One photo I love

It’s 4:30 am on Leap Day and I am wide awake and sitting in the library on board Celebrity’s Reflection staring at an enormous tree hanging from the walls and watching eight glass elevators go up and down. Those of you who have sailed on S-class Celebrity ships know right where I am. (It’s a really cool tree.)

Since I can’t sleep I decided why not write about another, smaller part of our New Orleans story—so here we go. When last we chronicled our NOLA adventures, it was the evening of Lundi Gras, the day before Mardi Gras. The next morning was the big day itself so as usual (for me) I was up before dawn to get out and take photos. Now to be honest, photographically, this was one of the best and most productive photo walks I have ever had. As much as I loved the photos I had taken the previous morning, these were better. At least one of them was.

I am going to do something I have never done before. I am going to write a post about a single photograph. In the last few days since we left New Orleans, I keep coming back to this photo again and again. Over my years of taking photographs I have taken what I consider to be some pretty good pictures but this one, I think, is my best…so far. Of course now that I am building it up so much, you will see it and say, “What’s so special about this pic.😀” I hope that doesn’t happen. So here’s the photo (please look at it as large as possible and let it come all the way to full clarity—this is not a photo to be seen on a phone).

BestPhoto

 

This was one of the first photos I took that morning.
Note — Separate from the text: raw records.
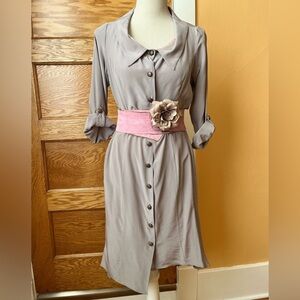 LOVEMATTERS Designer Silk & Leather Belted Shirt Dress Size Small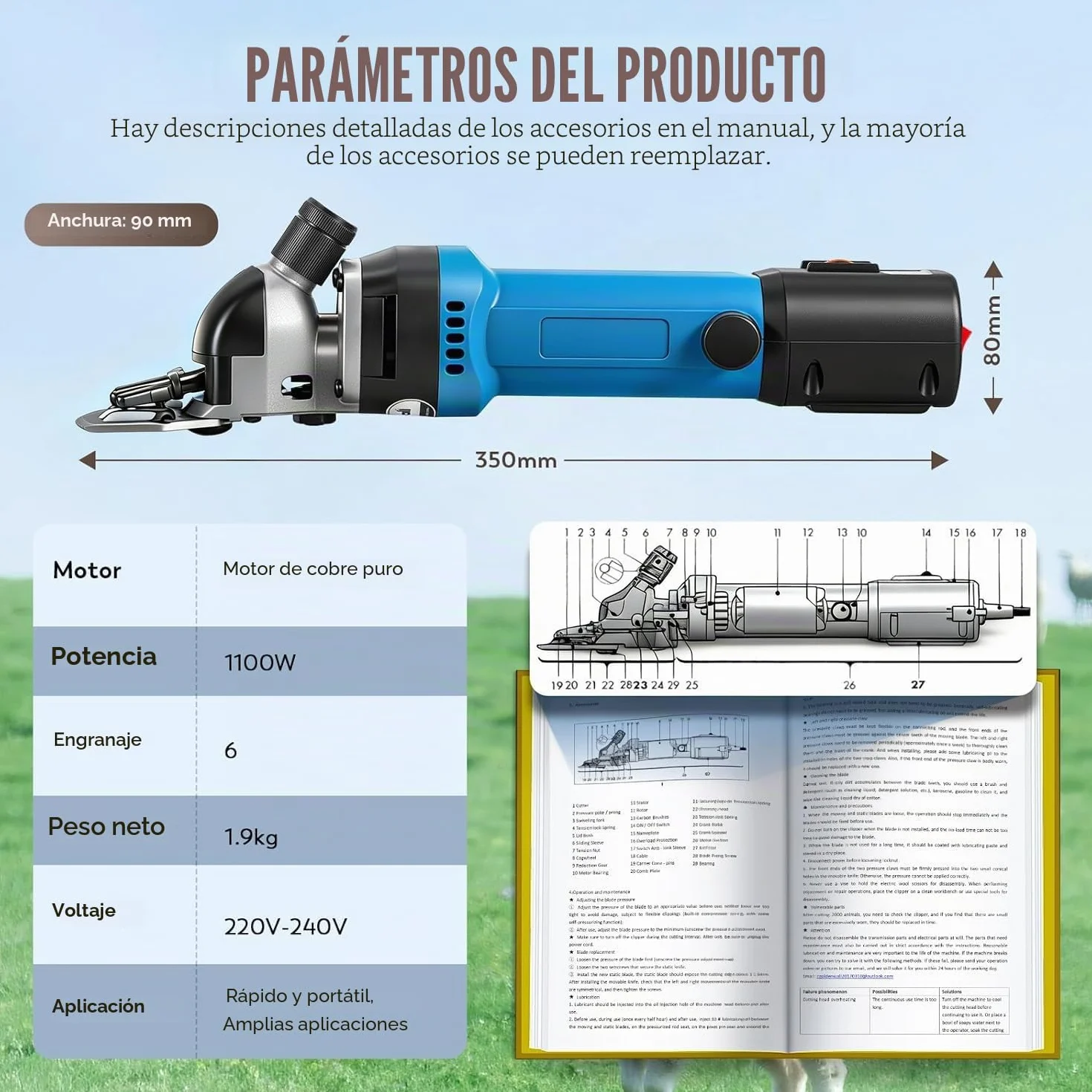 Esquiladora para Oveja Profesional 690W 2400RPM CGOLDENWALL, Máquina Esquilar Ovejas Cabra Alpaca con 6 Ajuste de Velocidad, Cable Largo 5m - Aceite lubricante Incluido (Cuchilla Recta de 13 Dientes)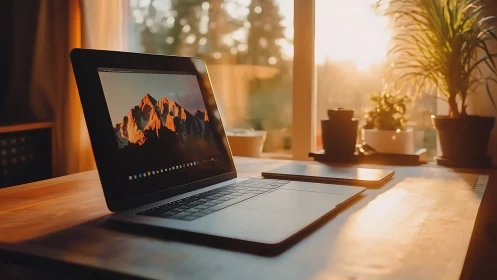 Warm backlit laptop workstation shows shallow depth and soft bokeh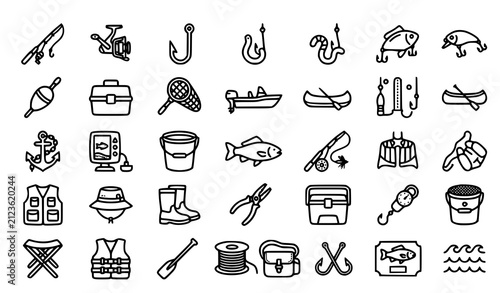 Angling Outline Icons Collection Vector EPS10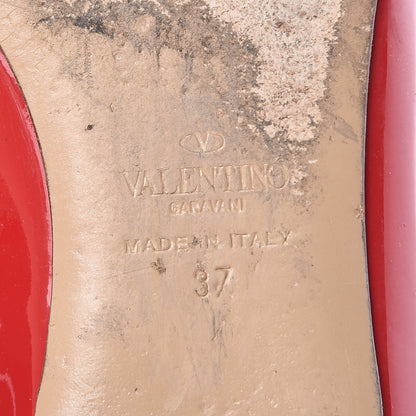 Valentino Garavani Patent Nappa Rockstud Ballerina Flats 37 Rosso Valentino Poudre 10 of 14
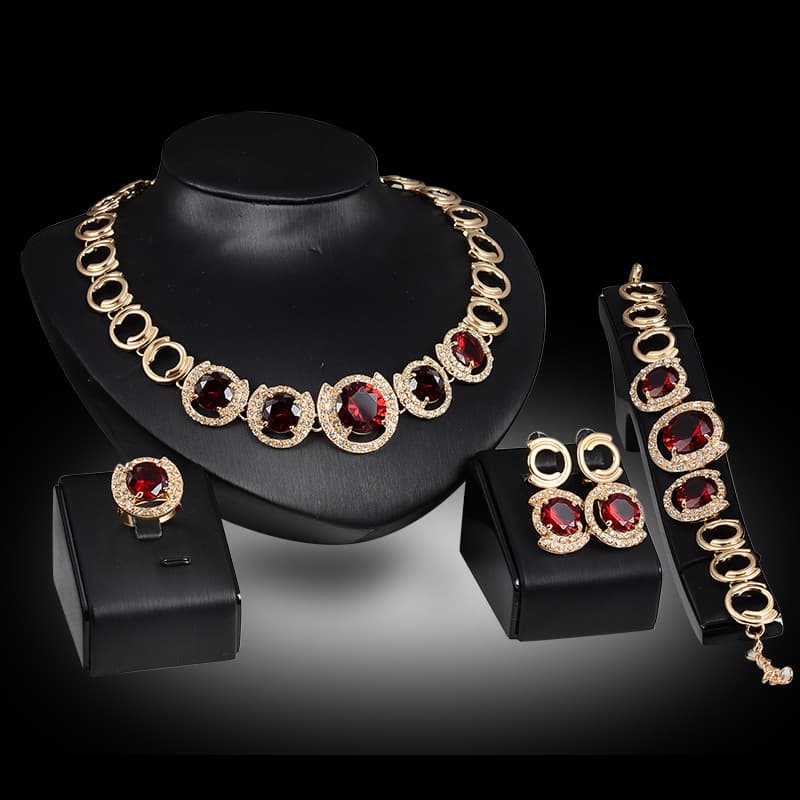Conjunto de Joyería Nupcial con Cristales de Circonita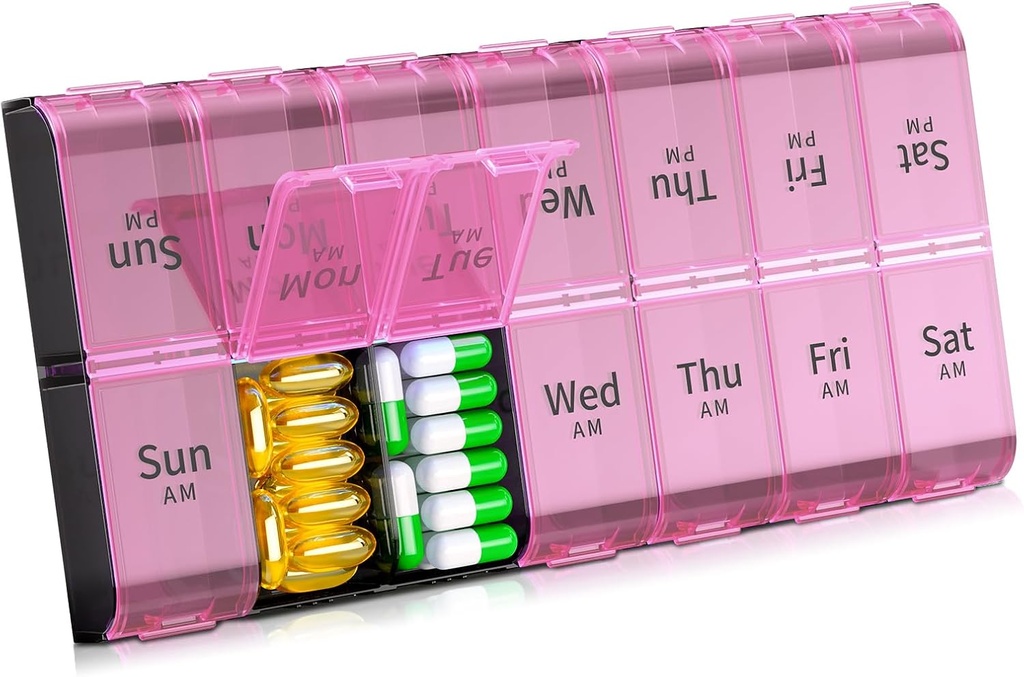 Daviky XL 큰 주간 Pill 주최자 2 시간 하루, 추가 큰 7 일 Pill 상자 AM PM, 14 격침이있는 일일 Pill 케이스 의학 주최자, 물고기 기름을위한 Day Night Container, 비타민, 보충교재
It had recently rained but even better, workers from the city were out pressure washing the streets and had just moved on from this one. For those of you who know New Orleans, when I took the shot, I was standing at the corner of St. Peter and Decatur streets next to Jackson Square. I had stopped to shoot the reflections of the lights on the pavement when a taxi pulled up on Decatur and the cab driver got out and went to knock on the door of his early morning pick up. Looking through my viewfinder, I saw what I knew was going to be my favorite photo of this trip or maybe that I had ever taken. And I was right.

There is an artist I love named Edward Hopper. My favorites of his paintings are haunting, noir pieces that show something that just reaches out to me. I have always loved them. I love his colors, his use of light and dark, and how people in his paintings are often alone and isolated.
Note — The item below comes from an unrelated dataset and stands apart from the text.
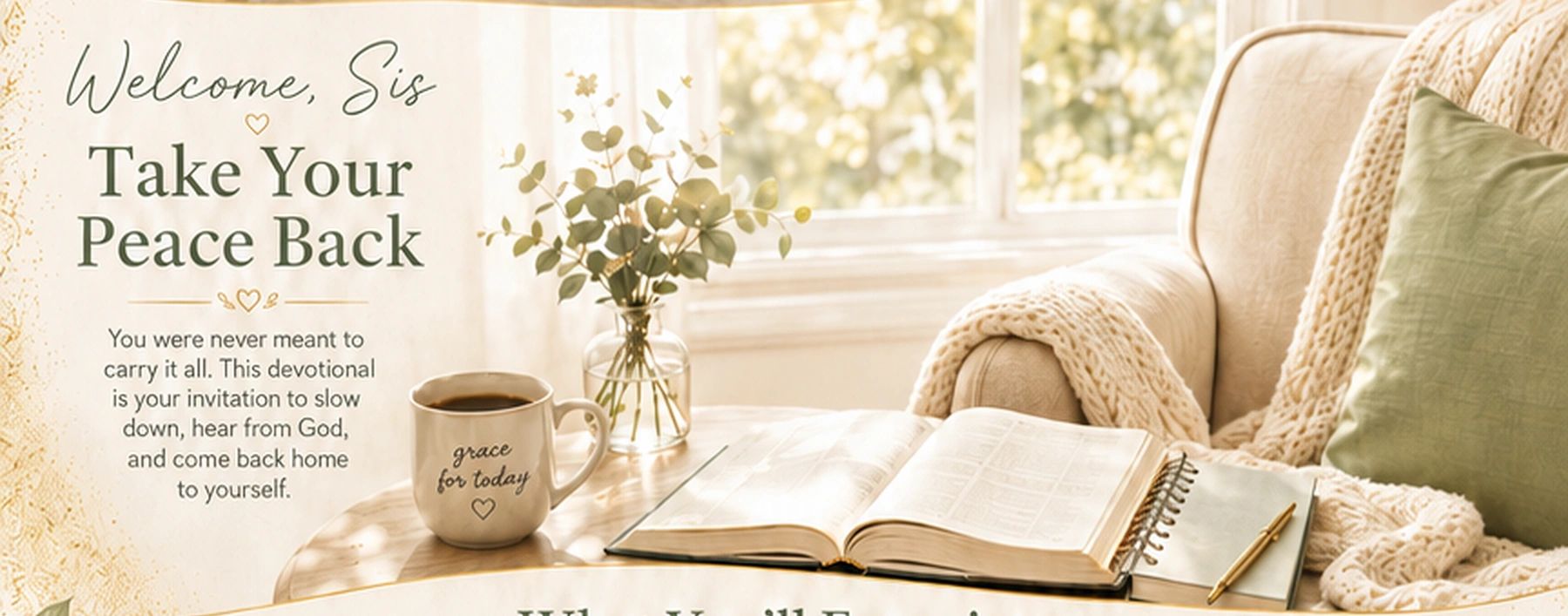 Cozy reading nook with inspirational message and coffee.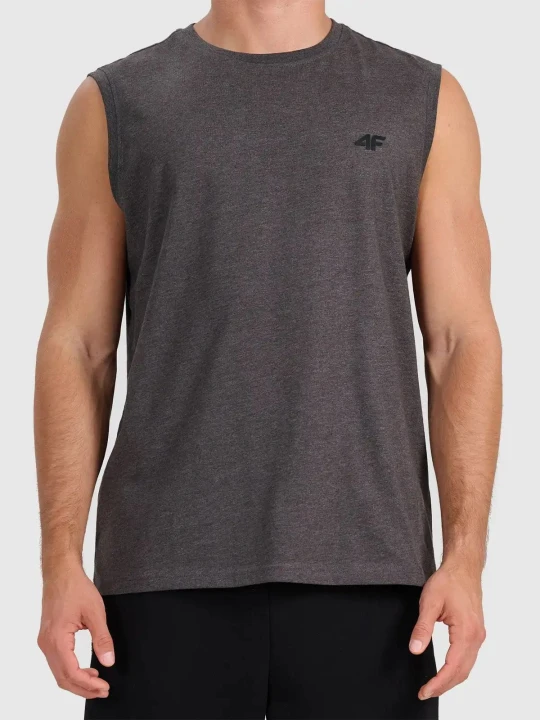 Koszulka t-shirt męski bez rękawków ciemny szary 4F : Kolor - Szary, Rozmiar odzieży - L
One of my biggest disappointments when traveling was visiting Chicago a few years ago and finding that his seminal painting, Nighthawks had been loaned out to a museum out of town and was not hanging in its home, the Art Institute of Chicago. I really wanted to see it. It’s one of my favorite works of art. I humbly submit that this photo is my tribute to Hopper. I loved the photo when I took it but when I got back to my laptop and opened it full screen, I realized how well it came together and how much it reminded me of his work.

Another thing I love about this photo is that it says something I truly believe about photography. It seems that everyone these days is a photographer and their number one camera is a phone. And even those who still shoot single lens reflex cameras like my Nikon, often shoot using nothing but the automatic settings on their cameras. When I go out to shoot early in the morning, when I am looking for that perfect light, when I look for this kind of photo, there is only one way to shoot—manual.

If I had put my camera in Program mode (Nikon D850s don’t even have an auto mode), then this photo would have been as bright as daylight. That’s what automatic modes strive for. Giving you light to make it look like it’s noon. Phones do that sometimes as well. When I teach photography at workshops, I try to convey this to students who struggle to understand light and using their cameras to capture what they are seeing, not what the camera thinks they want to see. This shot, taken in manual mode, was exactly what I was seeing and what I wanted to capture.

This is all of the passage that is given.